Most of the local farmers have already
discarded their oil lamps. Some have purchased second-hand
television sets and radios as well, as the coming
of electricity means evening entertainment will consist
of more than simple dominos and quiet gossip by candlelight.
The excitement during the last few
weeks has been almost palpable. Everyone talks about
“the lights,” which have become synonymous with modernity
and convenience. Men speak of walking home from the
colmados along the packed-dirt paths without
having to stumble blindly in the darkness. Women speak
of soap operas broadcast from Santiago that they will
be able to watch on their television sets. Young people
speak of listening to popular music on radio stations
instead of the local merengueros and their
battered accordions. Maria even mentioned one day
buying a washing machine, so she would no longer have
to haul laundry down the mountainside and clean clothes
in the river with the other women. After all, Blanco
Arriba, the next village over, has had electricity
for almost five years. They don’t stumble in the darkness.
They don’t wash their clothes in the river. Life will
change here as well, most agree for the better. Tonight,
this valley, whose nights have been black as pitch
since before time, will hum and shine with electricity.
But for now, as I sit with Abuelo and his pipe, there
is still only the inky blackness of rolling hills,
and the multitudes of pinprick stars in the shrouded
sky.
"Are you waiting for the lights?"
I ask after a few minutes of comfortable silence.
"Yes," answers Abuelo.
"I want to see the lights. Have you seen lights
before?"
"Yes," I tell him. "Where
I’m from, we have lots of lights. So many, you can’t
even see the stars."
"There are no stars?"
"Yes, we have stars, only you
can’t see them very well. The lights are too bright."
"Do the lights hurt your eyes?"
"No, they don’t. They aren’t
that bright."
"Oh, I see," says Abuelo.
"Once, when I was young," he says, "the
moon covered the sun during the day, and nobody knew
what was happening. It wasn’t as dark as night, but
not as bright as day either. Will it be like that?"
"I think so," I reply,
"but I’m not certain." I take another sip
of the rum and try to enjoy the hint of a breeze that
moves in through the valley and rustles the palms.
I notice quite suddenly that the
distant drumming of the festival has ceased. It seems
as if even the tree frogs have gone silent in anticipation.
It must be time.
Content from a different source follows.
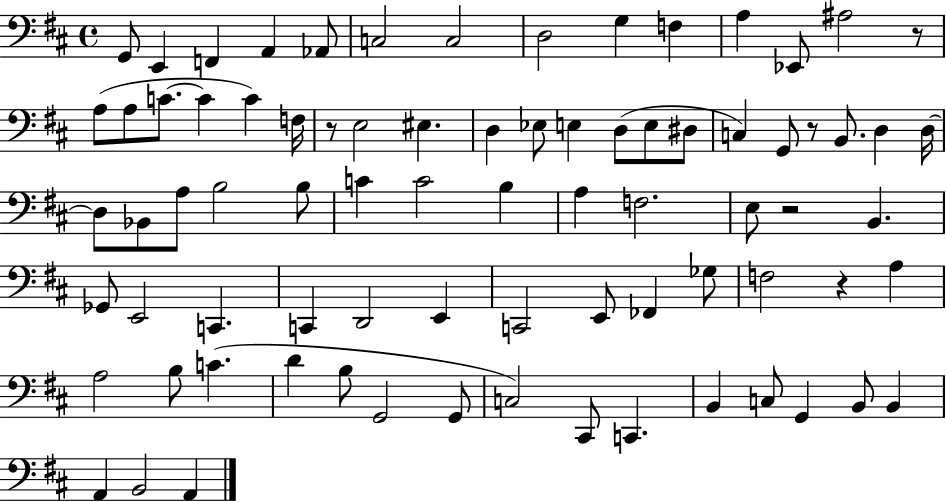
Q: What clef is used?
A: bass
Abuelo leans forward in his chair,
not knowing what will come next. For a tense moment
it appears that nothing will happen. Then a single
spec of light, on its own no more significant than
a firefly, flickers on at the base of a far off hill.
Another sparks to life nearby, followed by another,
and another, until a web of lights, in delicate beaded
strings, spreads across the entire valley. It is odd
to see, even for me, a relative stranger to these
parts. I wonder what Abuelo must be thinking after
seeing the same dark valley he has watched at night
for the better part of a century suddenly crawling
with illuminated tendrils of electric light. My ears
can make out cheering from the villagers below, and
the drums come back to life, slightly louder and faster
than before.
Abuelo rises from his chair
and puts his hand on my shoulder before shuffling
out into the Dominican night, no longer quite as dark.
He is probably going to bed. I stand in the doorway
drinking my rum and quietly searching out the breeze
from before, while the stars of the Cibao, no longer
quite as bright, burn angrily overhead.